As an occasional user of the A9 I always look forward to assessing how the dualling project is progressing towards the projected completion date of 2025 as to my inexperienced eyes given the slow rate of progress 2025 is unlikely to be achieved and given the fiasco of some major civil constructions finishing late and going over budget one feels the same will happen with the A9. So, I was not surprised to find recently (September) that the only activity taking place was on the Bankfoot section north of Perth.
What has prompted me to put pen to paper was the startling revelation in FNE 78 that it is now public knowledge that the single section at Dunkeld is likely to account for almost 50% of the total projected cost of the project.
I am not a civil engineer, my initial career being in aeronautical engineering, I am though, interested in geography and geology of which the route of the A9 provides some very interesting examples. This leads to the question that if the Dunkeld section can cost so much how much will it be to build the Slochd and Carrbridge sections, to name just two. It is not rocket science to realise that, as I recently wrote in my letter to MPs, "They could abandon those sections leaving the road as a single carriageway and divert the funds saved into improving the entire rail structure north of Perth. Again it is a matter of applying the Pareto Principle to the costs involved in dualling. Eighty percent of the total cost of dualling will be absorbed by dualling the difficult parts whilst 20% is incurred on the simple parts."
Surely our northern MSPs will occasionally look out of the train window before they get to Aviemore and wonder just where the new carriageway is going to be routed. Even the sight of the rock drilling/soil sampling teams didn't give a great deal away.

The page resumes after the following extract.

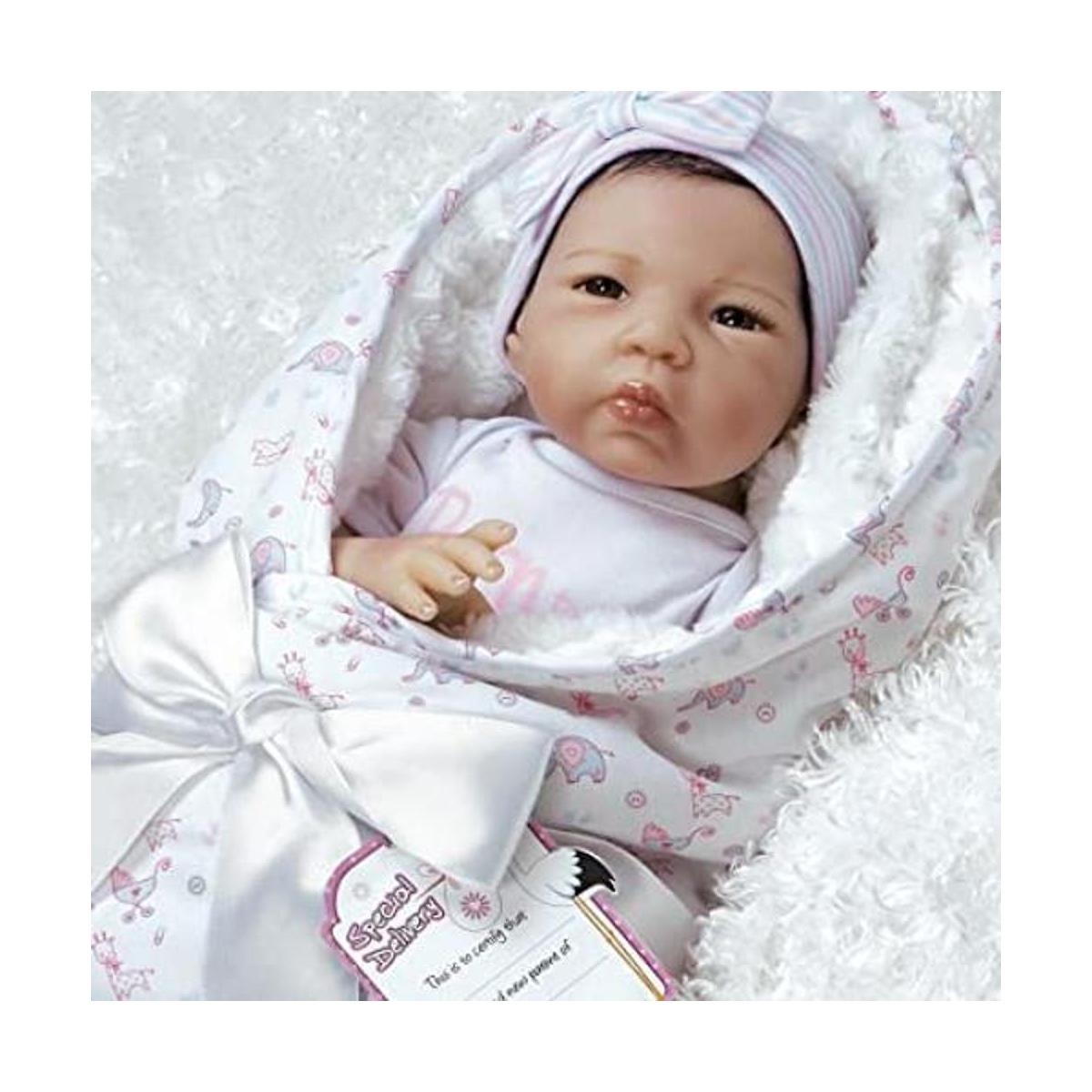 Paradise Galleries Muñeca de bebé real asiática que se ve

Just in case I was being too negative I decided to look at a few websites detailing the various aspects of the dualling only to discover that very few were up to date and one, www.roads.org.uk, showed that all sections were scheduled to have been started by now with 2019+ being the latest! Perhaps they are too embarrassed to show the latest situation.So, where do we go from here? I am not advocating that we pursue their tardiness but to make good use of the fact and push for the realisation that matters are not going well and with the simple expedient of abandoning the difficult expensive sections and diverting the money to rail the Scottish Parliament would achieve a win- win situation. Rail users will be extremely happy. Road users will get some very useful sections of dual carriageway plus a saving in the major delays caused by driving through miles of roads works often frustrated by the apparent lack of effort being put into completion.
Roger also sent a copy of this letter to all the MSPs who work for his area, adding a paragraph asking that they do their best to encourage the diversion of funds from the A9 dualling budget to rail projects. He suggested this would not only result in significant benefits all round but would gain the respect of road and rail travellers for the governance of Scotland, a win-win situation.
Unfortunately, as John Finnie MSP (Green Party), one of our Vice Presidents, pointed out, "The Scottish Government and the three other opposition parties are all fully committed to those dualling projects."
He did receive a fairly supportive response, presumably because no MSP can fail to notice the eye-watering cost of widening an already fast road, or fail to realise how much railway infrastructure could be provided instead. On the evidence of those replies there does seem to be cross-party support for improving the Highland Main Line as well - this, as we frequently point out, is an urgent requirement for Scotland.